Przepaść pomiędzy Polską A i B gwałtownie się powiększa. Wschód rozwija się dużo wolniej niż reszta kraju, a w niektórych regionach dystans do średniej krajowej wręcz systematycznie rośnie.
Jak informuje „Dziennik Gazeta Prawna”, według danych GUS w 2010 r. PKB liczony na mieszkańca woj. podkarpackiego i woj. lubelskiego zaledwie przekroczył 25 tys. zł, a więc był o ponad 32 proc. niższy od średniej krajowej. Tymczasem w 2001 r. do przeciętnego poziomu PKB brakowało tym regionom 28-29 proc. Pogorszenie odnotowano także w województwach: podlaskim, warmińsko-mazurskim i świętokrzyskim, w których dystans do średniej krajowej zwiększył się w tym czasie o 1,3-4 pkt. proc.
Natomiast w woj. mazowieckim PKB liczony na mieszkańca przekroczył 60,3 tys. zł i był w 2010 r. aż o niemal 63 proc. większy od przeciętnego (dziewięć lat temu był wyższy o 52 proc). Podobnie w woj. dolnośląskim, gdzie wskaźnik ten wzrósł w ciągu dziewięciu lat o 10 punktów procentowych, do 12,5 proc.
Wśród przyczyn powiększania się dysproporcji w poziomie rozwoju między najsłabiej i najbardziej rozwiniętymi regionami kraju eksperci wskazują m.in. na zły stan infrastruktury, zwłaszcza drogowej, w Polsce wschodniej. Jest to czynnik zniechęcający zagranicznych przedsiębiorców do inwestowania na tych terenach.

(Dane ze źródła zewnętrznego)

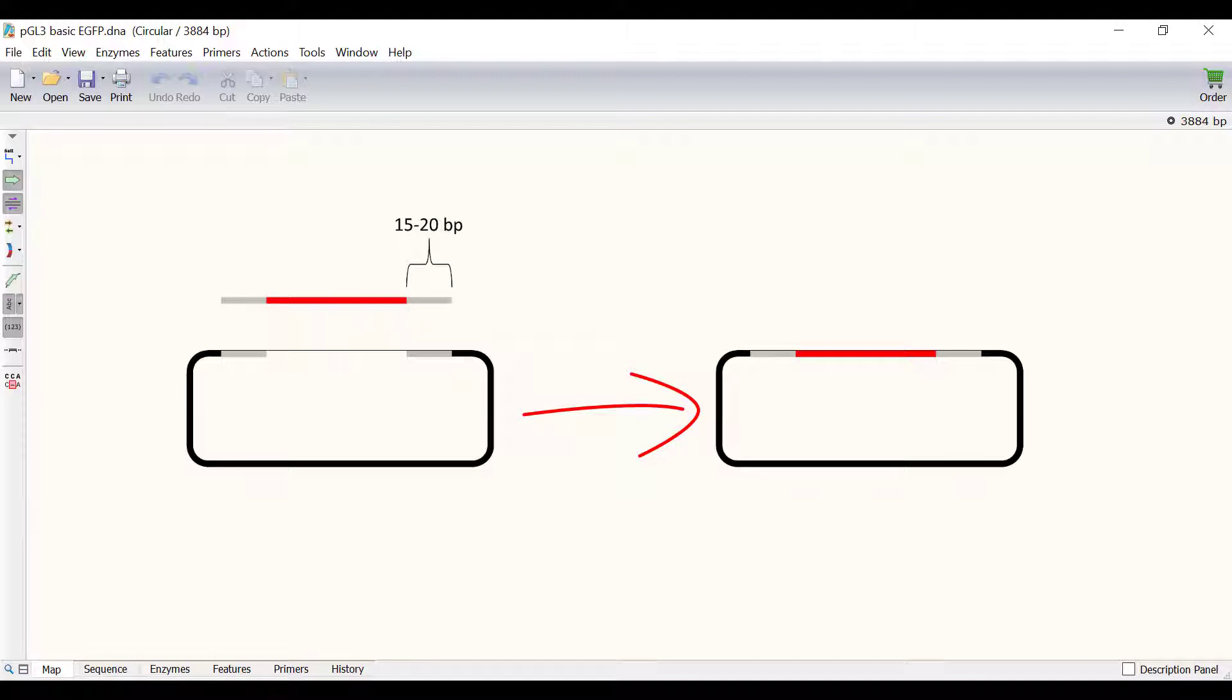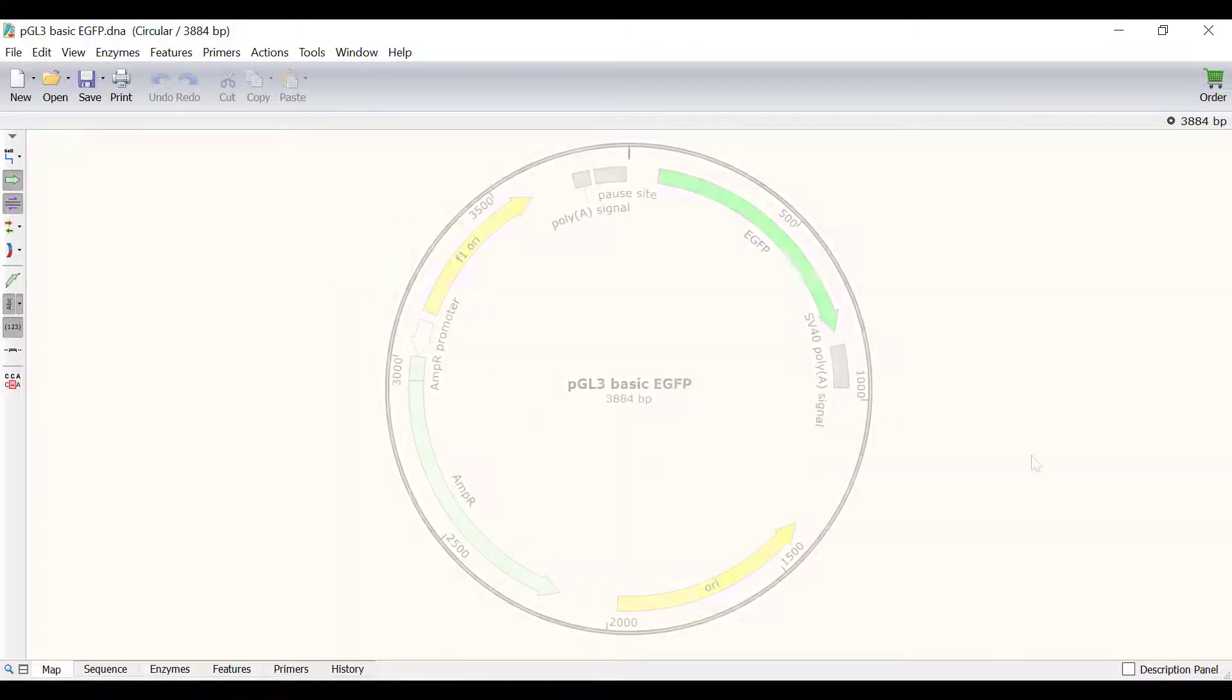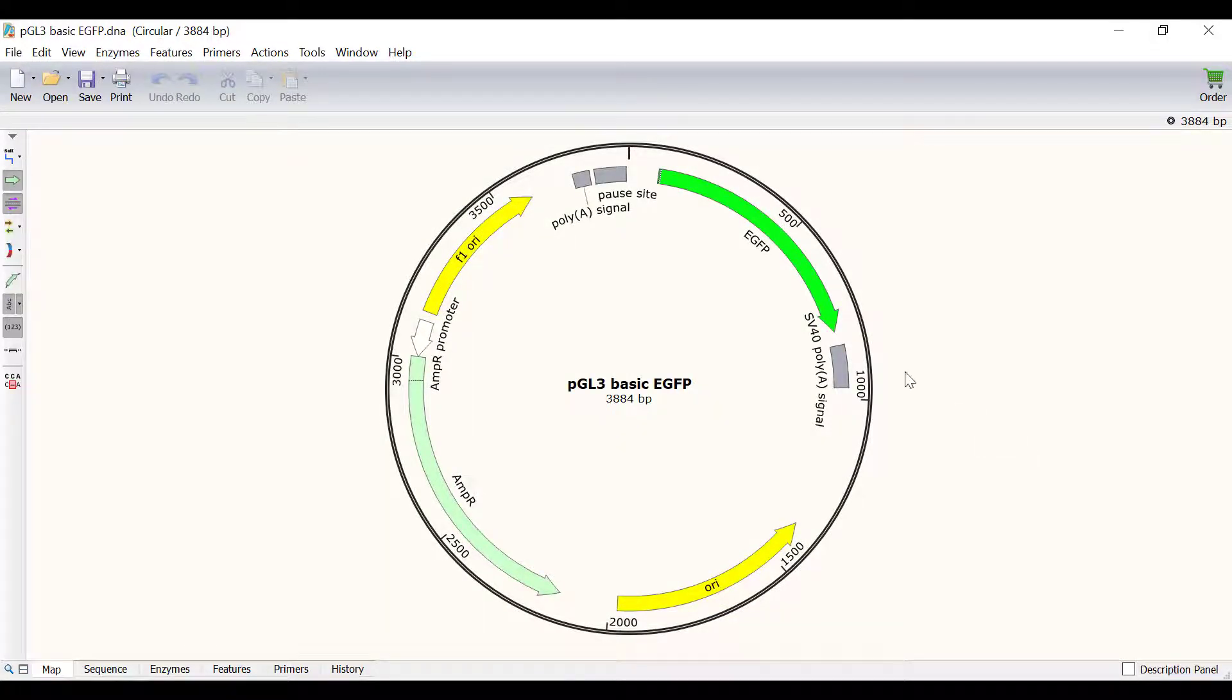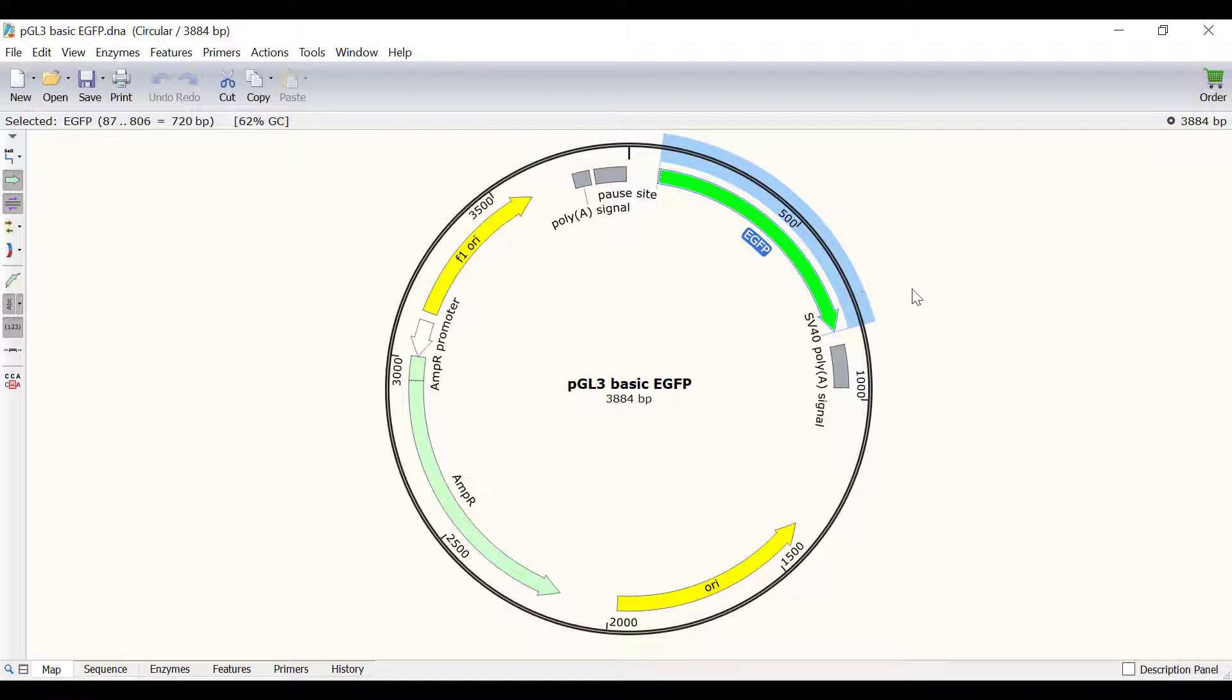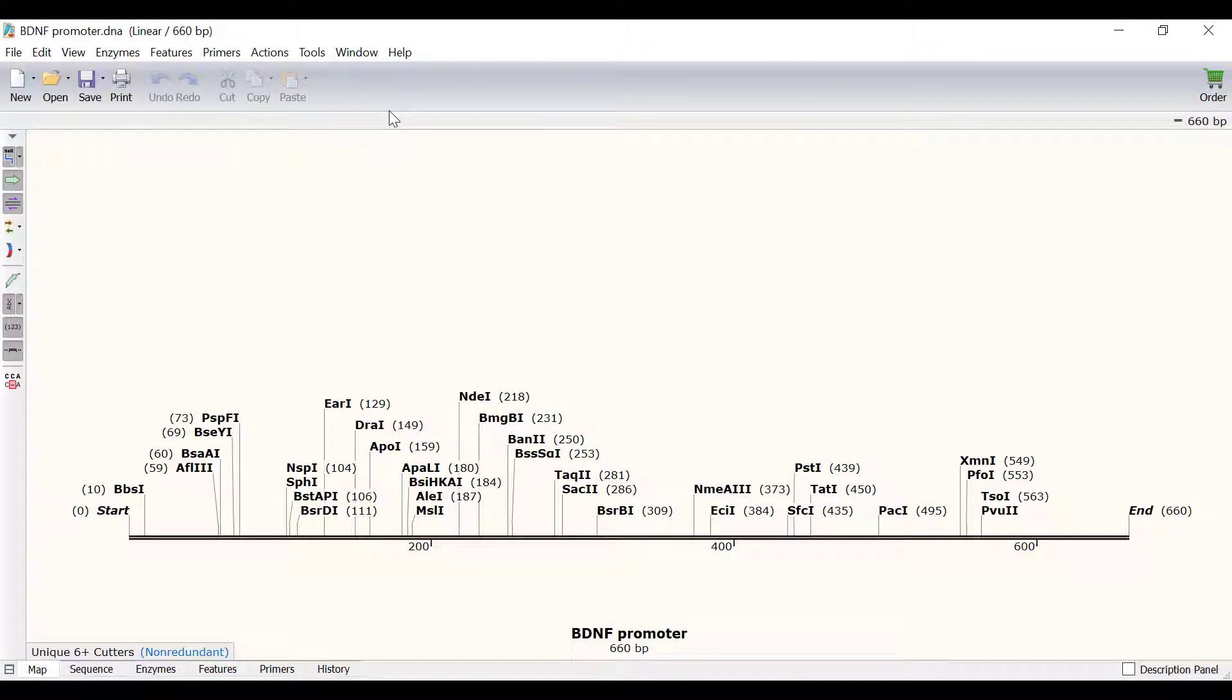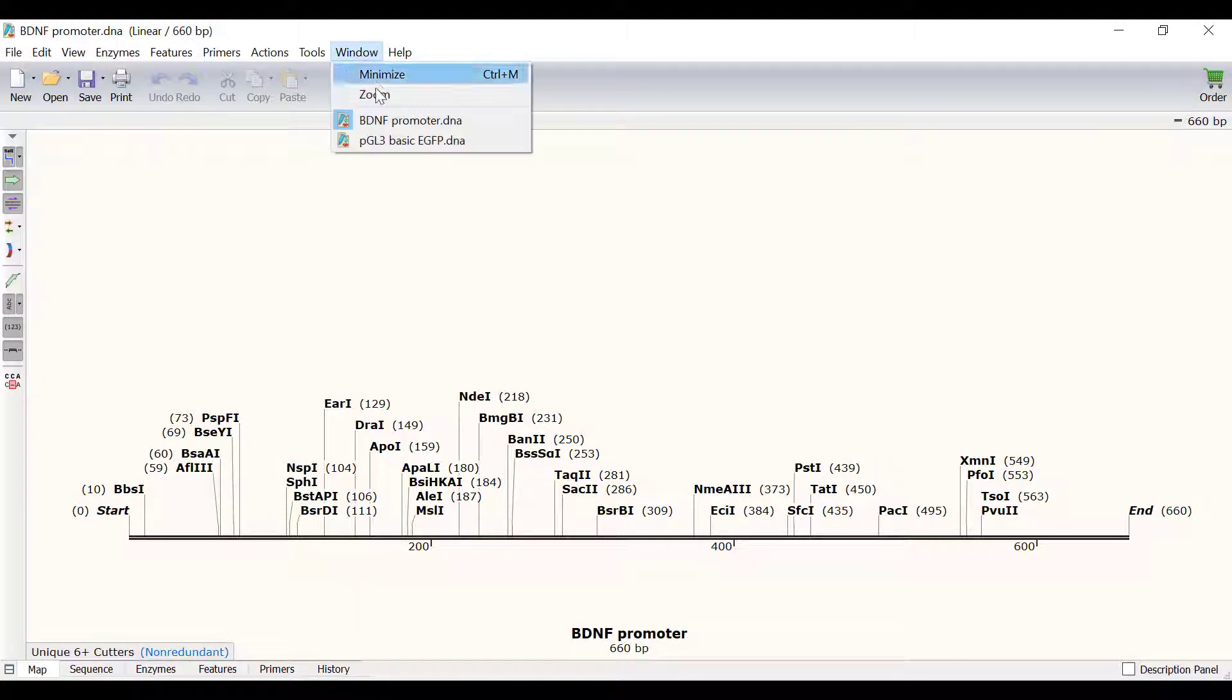In Snapgene these steps are all simulated in a single tool. Let's see what this looks like. I have a PGL3 plasmid open that contains a GFP reporter. In another file I have the sequence of the BDNF gene promoter. What I want to do is to insert this BDNF gene promoter into the PGL3 plasmid.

Według danych GUS spośród blisko 74 tys. spółek z kapitałem zagranicznym zarejestrowanych w naszym kraju w końcu września w woj. świętokrzyskim było ich zaledwie 577, w woj. podlaskim – 600, a w warmińsko-mazurskim – 988. Wśród innych przyczyn podaje się również niedostatki polityki przestrzennego zagospodarowania kraju, niewykorzystywanie w pełni możliwości związanych z turystyką (np. w woj. podlaskim), czy opartą na rolnictwie strukturę gospodarki we wschodniej Polsce.